= Visa policy of Rwanda =

Policy on permits required to enter Rwanda

Rwanda tourist visa issued at Rwandan embassy in Tanzania in 2014

The Republic of Rwanda, a member of the East African Community, allows citizens of all countries that are not visa-exempt to obtain a visa on arrival. In addition, they may also obtain an e-Visa online before departure.

All visitors must have a passport valid for at least 6 months with at least one empty page. Kenyans and Ugandans may use an ID card in lieu of a passport to enter Rwanda.

==Visa exemption==
Citizens of the following countries are exempt from paying entry fees and may enter Rwanda without a visa for the following period:

6 months
| *Burundi *Kenya | *South Sudan *Tanzania | *Uganda | |
90 days
| * Angola * Benin * Central African Republic * Chad * DR Congo * Côte d'Ivoire * Ghana | * Guinea * Haiti * Indonesia * Jordan * Mauritius * Philippines * Qatar | * Saint Kitts and Nevis * São Tomé and Príncipe * Senegal * Seychelles * Sierra Leone * Singapore | |
30 days
| * Albania * Algeria * Andorra * Antigua and Barbuda * Armenia * Australia * Bahamas * Bangladesh * Barbados * Belgium * Belize * Botswana * Brunei * Bulgaria * Burkina Faso * Cambodia * Cameroon * Canada * Cape Verde * Comoros * Congo * Cyprus | * Djibouti * Dominica * Egypt * Equatorial Guinea * Eritrea * Eswatini * Ethiopia * Fiji * France * Gabon * Gambia * Greece * Grenada * Guinea-Bissau * Guyana * India * Jamaica * Kiribati * Laos * Lebanon * Lesotho * Liberia | * Libya * Luxembourg * Madagascar * Malawi * Malaysia * Maldives * Mali * Malta * Mauritania * Moldova * Monaco * Morocco * Mozambique * Namibia * Nauru * New Zealand * Niger * Nigeria * North Macedonia * Pakistan * Papua New Guinea * Romania | * Sahrawi Republic * Saint Lucia * Saint Vincent and the Grenadines * Samoa * Solomon Islands * Somalia * South Africa * Sri Lanka * Sudan * Switzerland * Togo * Tonga * Trinidad and Tobago * Tunisia * Tuvalu * United Kingdom * Vanuatu * Vietnam * Zambia * Zimbabwe | |

Holders of diplomatic and service category passports of China, Djibouti, Ethiopia, Gabon, India, Israel, Morocco, Mozambique, Namibia, Russia, Singapore, Turkey, and United Arab Emirates do not require a visa for up to 90 days (unless otherwise stated).

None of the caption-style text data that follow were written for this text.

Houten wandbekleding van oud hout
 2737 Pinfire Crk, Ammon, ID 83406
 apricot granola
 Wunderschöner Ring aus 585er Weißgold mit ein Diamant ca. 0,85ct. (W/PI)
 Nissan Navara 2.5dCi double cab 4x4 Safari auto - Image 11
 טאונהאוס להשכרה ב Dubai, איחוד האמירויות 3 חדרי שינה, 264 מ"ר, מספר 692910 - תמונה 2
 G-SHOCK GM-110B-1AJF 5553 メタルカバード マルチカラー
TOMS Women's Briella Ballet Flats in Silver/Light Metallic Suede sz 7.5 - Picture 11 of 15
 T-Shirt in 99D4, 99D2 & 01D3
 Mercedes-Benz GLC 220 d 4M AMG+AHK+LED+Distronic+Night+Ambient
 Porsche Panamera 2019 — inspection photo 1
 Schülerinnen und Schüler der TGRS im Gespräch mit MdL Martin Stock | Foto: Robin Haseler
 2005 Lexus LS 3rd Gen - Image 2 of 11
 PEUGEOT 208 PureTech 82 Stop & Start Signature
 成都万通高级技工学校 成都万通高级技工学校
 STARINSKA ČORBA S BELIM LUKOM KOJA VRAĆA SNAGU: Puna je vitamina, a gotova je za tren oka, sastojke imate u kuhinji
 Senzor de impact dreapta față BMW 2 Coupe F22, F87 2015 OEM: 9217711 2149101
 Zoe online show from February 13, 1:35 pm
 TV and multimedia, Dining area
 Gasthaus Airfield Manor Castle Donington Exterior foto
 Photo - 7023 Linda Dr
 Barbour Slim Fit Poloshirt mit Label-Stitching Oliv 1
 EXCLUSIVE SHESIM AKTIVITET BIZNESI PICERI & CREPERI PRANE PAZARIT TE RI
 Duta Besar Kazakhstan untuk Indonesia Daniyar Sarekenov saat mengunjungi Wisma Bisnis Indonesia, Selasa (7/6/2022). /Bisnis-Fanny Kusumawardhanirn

In addition, citizens of China holding passports endorsed "for public affairs" do not need a visa for a maximum stay of 90 days.

On November 2, 2023, Rwanda President has announced the impending removal of visa fees for all African visitor.

In September 2024, Rwanda signed mutual visa waiver agreements with the Dominican Republic, Dominica and the Bahamas which are yet to be ratified. Rwanda signed visa exemption agreements for holders of diplomatic and service passports with Azerbaijan in September 2023 and with Kazakhstan in September 2024 and they are yet to be ratified.

According to the Hong Kong Immigration Department, citizens of Hong Kong can enter Rwanda without a visa for 1 month.

==Visa on arrival==
Visitors from all countries have been eligible for visa on arrival since 1 January 2018. Citizens of Common Market for Eastern and Southern Africa countries that are not visa exempt receive visas valid for 90 days, while other visitors are granted visas valid for 30 days.

Since 10 March 2020, nationals of member states of either the African Union, the Commonwealth of Nations or La Francophonie are waived visa fees that are normally payable when obtaining a visa on arrival.

==Electronic Visa (e-Visa)==
Citizens of countries that are not visa-exempt may also obtain a visa online or at a Rwandan diplomatic mission, if they prefer.

An entry visa is valid for a single entry for a period not exceeding 30 days and is processed within three working days.